I clearly remember the moment I knew I would never buy another physical CD and would buy all my music online. Since then, I’ve been waiting for the moment when I would know that I could buy all my movies online. In November, Apple announced that […]


I clearly remember the moment I knew I would never buy another physical CD and would buy all my music online. Since then, I’ve been waiting for the moment when I would know that I could buy all my movies online. In November, Apple announced that it was adding Disney movies in high definition to the iTunes Store. I’ve spent the last few months debating with myself if this heralded the end of buying physical media for movies.

In a word: No

In two words: Not Yet

Why I Buy Music from iTunes (and Amazon MP3)

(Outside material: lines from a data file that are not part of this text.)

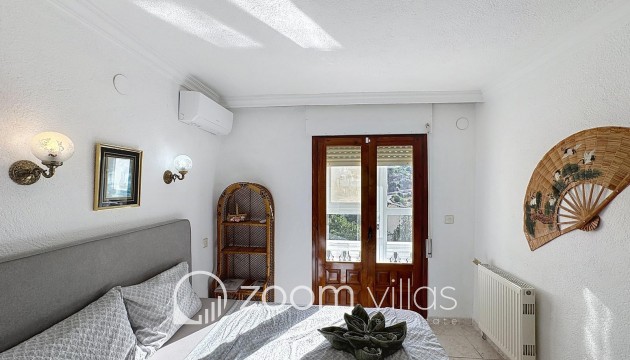 Resale - Villa - Benitachell  - Encinas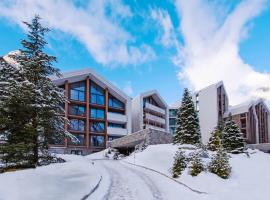 TH Courmayeur, hotel sa Courmayeur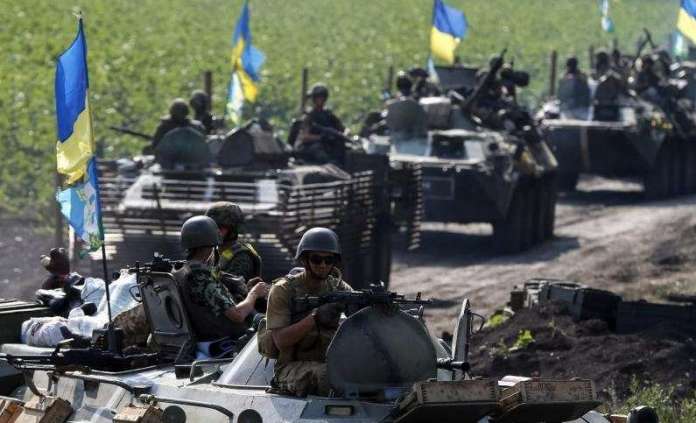ОБСЄ зафіксувала на Донбасі зростання обстрілів ОБСЄ зафіксувала на Донбасі зростання обстрілів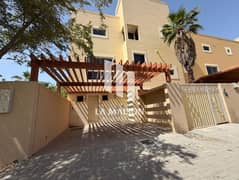 وحدة زاوية | صف واحد | إطلالة على الحديقة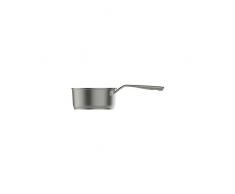 Aubecq A712016 Casserole, Aluminium, Gris, 16 cm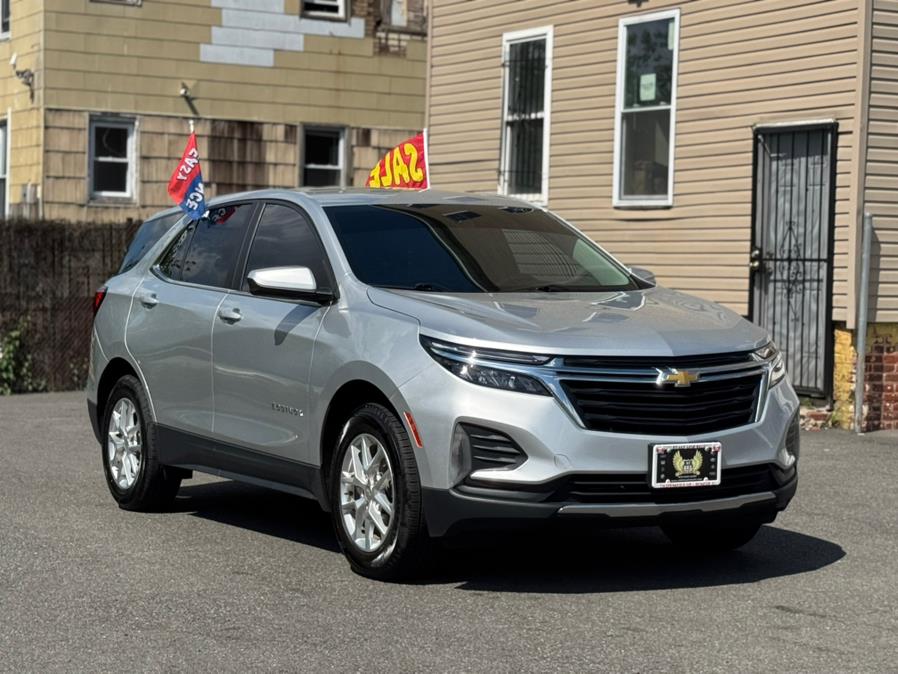 2022 Chevrolet Equinox AWD 4dr LT w/1LT, available for sale in Irvington, New Jersey | RT 603 Auto Mall. Irvington, New Jersey 2022 Chevrolet Equinox AWD 4dr LT w/1LT, available for sale in Irvington, New Jersey | RT 603 Auto Mall. Irvington, New Jersey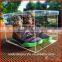Acrylic Shoe Box Nike Sneakers Display Storage Box with Customized Logo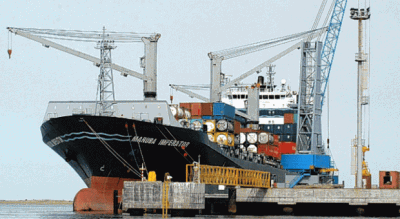 Las exportaciones bonaerenses cayeron un 0,8% y creci� la venta de materias primas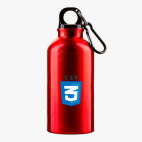 Металлическая бутылка 400 мл UV-DTF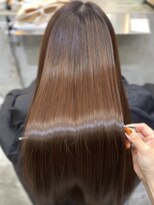 ロンド 表参道店(Lond)&nbsp;縮毛矯正 髪質改善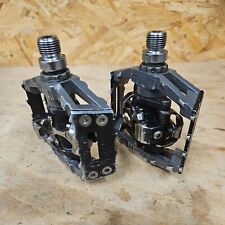 Shimano pedals m846 for sale  BIRMINGHAM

For music, once iTunes Plus was the standard on the iTunes Store, I knew that I didn’t need to buy physical CD’s any more. All I was doing was ripping my music to 256kbps AAC or MP3 anyways, so why not just buy them that way? And album prices on iTunes were the same or lower than brick-and-mortar prices on CD’s. Take Amazon MP3 into account, and it was an easy decision to switch to digital purchases.

Why I Have Not Been Buying Movies from iTunes

Basically, it comes down to the stereo sound. I can’t stand the idea of not using my surround sound setup and massive subwoofer (it literally shakes my whole house…I love it). With lower picture quality and lame stereo sound, I was not tempted at all to get movies from iTunes. I did try a few 99 cent rentals and found that to be just fine, but my $9 Netflix membership gives me access to tons of streaming movies at the same quality.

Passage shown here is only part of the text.